---- ENTRIES SUPPLIED

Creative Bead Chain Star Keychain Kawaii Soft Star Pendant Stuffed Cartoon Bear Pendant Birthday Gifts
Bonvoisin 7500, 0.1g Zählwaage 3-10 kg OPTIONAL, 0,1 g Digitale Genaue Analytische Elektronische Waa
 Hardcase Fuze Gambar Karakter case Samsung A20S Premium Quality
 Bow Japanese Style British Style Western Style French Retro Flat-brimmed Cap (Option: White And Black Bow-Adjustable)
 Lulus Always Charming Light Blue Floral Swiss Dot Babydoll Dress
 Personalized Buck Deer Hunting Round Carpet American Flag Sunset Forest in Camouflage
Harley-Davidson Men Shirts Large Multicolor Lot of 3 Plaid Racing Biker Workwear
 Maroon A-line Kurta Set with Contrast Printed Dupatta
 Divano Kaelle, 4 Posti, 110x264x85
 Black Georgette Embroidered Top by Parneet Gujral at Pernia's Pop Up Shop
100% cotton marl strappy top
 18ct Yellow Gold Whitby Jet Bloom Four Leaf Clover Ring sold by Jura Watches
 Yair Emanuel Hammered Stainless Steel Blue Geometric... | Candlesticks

--------

REQUIRED WORK. Look for the word "Blue". Copy out every line of the data that has it.

THE COMPLETED TASK.
 Lulus Always Charming Light Blue Floral Swiss Dot Babydoll Dress
 Yair Emanuel Hammered Stainless Steel Blue Geometric... | Candlesticks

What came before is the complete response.